Hani şu Düzce İl Başkan Yardımcısı Gönül Yeşilyurt’un WhatsApp grubundan MHP Düzce Milletvekili Ümit Yılmaz hakkında sosyal medyada olumsuz yorum yapılmasını istediği skandaldan söz ediyorum. Yeşilyurt, WhatsApp grubuna yanlışlıkla MHP il başkanının telefonunu da ekleyince olay ortaya çıktı.
Bunun gibi onlarca olayın olduğu su götürmez gerçek.
Önceki hafta MHP’nin istediği Manisa’da AKP’lilerin tepkisini dile getirmiştim. Bu kez de AKP’nin eski bir yöneticisi olan Selçuk Özdağ, Manisa’da ittifak olmayacağını söyledi.
Yerel basında yer alan haberlere göre Özdağ, “AK Parti, Manisa’da beni aday yapacak.
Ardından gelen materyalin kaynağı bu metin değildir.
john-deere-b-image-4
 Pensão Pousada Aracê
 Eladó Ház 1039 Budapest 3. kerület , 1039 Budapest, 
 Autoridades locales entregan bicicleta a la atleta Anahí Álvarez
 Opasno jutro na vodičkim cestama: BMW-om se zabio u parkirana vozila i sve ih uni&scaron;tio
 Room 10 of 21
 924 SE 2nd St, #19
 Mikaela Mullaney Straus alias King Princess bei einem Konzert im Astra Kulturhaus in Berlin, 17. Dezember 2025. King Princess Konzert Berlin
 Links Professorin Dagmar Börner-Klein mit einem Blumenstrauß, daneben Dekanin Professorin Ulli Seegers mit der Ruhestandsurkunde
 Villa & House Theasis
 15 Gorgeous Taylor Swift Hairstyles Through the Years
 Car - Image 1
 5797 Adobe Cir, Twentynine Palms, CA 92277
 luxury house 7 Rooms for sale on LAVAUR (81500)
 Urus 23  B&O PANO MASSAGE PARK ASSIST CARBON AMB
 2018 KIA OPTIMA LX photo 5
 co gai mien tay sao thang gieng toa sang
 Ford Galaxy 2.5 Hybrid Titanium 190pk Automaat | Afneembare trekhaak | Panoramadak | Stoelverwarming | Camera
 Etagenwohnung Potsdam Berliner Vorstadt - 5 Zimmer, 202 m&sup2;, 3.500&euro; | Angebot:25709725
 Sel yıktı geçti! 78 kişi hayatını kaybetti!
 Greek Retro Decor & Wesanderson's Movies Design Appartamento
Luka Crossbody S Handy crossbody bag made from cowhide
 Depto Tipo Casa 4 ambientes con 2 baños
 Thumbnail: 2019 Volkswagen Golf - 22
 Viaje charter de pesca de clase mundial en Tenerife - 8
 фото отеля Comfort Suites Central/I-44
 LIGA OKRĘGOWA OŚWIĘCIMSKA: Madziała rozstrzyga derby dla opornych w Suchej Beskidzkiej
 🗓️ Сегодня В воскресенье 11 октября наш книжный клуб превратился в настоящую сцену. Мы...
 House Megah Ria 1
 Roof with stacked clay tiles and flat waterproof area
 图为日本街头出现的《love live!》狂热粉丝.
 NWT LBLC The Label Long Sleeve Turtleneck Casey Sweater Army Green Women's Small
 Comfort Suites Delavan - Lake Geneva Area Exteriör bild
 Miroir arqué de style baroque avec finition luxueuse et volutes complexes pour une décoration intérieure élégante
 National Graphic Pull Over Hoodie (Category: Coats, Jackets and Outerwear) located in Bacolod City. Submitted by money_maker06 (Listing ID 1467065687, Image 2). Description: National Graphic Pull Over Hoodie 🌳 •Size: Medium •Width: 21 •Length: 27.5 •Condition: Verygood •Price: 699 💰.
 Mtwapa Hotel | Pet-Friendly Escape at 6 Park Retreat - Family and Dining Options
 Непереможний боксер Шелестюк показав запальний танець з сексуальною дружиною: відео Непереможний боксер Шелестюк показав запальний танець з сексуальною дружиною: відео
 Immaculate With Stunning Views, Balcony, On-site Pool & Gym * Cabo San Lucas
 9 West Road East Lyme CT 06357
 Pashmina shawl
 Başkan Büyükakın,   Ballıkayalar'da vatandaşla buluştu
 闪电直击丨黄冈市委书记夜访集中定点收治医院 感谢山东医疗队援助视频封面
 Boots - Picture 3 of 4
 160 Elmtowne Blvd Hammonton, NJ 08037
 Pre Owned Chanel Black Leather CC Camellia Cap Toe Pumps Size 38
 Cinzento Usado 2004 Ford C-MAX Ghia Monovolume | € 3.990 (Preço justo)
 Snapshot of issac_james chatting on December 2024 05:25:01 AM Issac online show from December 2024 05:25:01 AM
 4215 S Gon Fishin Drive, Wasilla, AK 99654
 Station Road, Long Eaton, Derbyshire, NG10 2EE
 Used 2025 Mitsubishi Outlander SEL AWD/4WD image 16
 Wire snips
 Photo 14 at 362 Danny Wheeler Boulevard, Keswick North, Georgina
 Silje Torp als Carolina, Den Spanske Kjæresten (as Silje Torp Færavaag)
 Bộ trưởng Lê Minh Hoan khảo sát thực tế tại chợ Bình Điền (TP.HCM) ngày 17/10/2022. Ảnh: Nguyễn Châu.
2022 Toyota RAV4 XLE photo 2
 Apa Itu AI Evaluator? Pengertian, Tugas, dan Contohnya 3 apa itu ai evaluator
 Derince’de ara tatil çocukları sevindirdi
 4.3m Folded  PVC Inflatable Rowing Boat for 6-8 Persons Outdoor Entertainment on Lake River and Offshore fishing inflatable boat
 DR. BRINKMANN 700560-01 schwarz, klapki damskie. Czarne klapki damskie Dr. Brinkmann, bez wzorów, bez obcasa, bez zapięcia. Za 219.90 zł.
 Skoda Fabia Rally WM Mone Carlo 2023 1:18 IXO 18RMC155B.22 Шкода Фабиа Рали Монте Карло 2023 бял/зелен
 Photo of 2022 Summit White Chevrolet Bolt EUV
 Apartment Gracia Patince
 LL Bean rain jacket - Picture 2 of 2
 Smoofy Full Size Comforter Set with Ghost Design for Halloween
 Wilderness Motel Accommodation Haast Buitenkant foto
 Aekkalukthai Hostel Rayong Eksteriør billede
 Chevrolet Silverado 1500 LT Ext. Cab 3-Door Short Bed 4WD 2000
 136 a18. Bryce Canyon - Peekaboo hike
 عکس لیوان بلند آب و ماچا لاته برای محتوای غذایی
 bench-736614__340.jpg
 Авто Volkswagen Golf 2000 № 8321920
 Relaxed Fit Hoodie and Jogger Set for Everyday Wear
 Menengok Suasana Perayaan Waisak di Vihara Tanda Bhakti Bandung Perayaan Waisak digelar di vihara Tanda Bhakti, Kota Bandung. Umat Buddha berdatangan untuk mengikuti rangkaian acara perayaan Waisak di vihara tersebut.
MHP ile yarışacağız. Manisa’da ittifak olmayacak” diyor.
Sanırım bu süreçte en sıcak haberleri yine yandaşlardan alacağız. Onlar kendilerince AKP’ye yalakalık yaptıklarını sanıyorlar ama bu arada birbirlerini de ihbar etmekten geri durmuyorlar. Haklılar, ne de olsa yandaş yazınca ‘uyarı’ oluyor, biz yazınca ‘suç’ oluyor.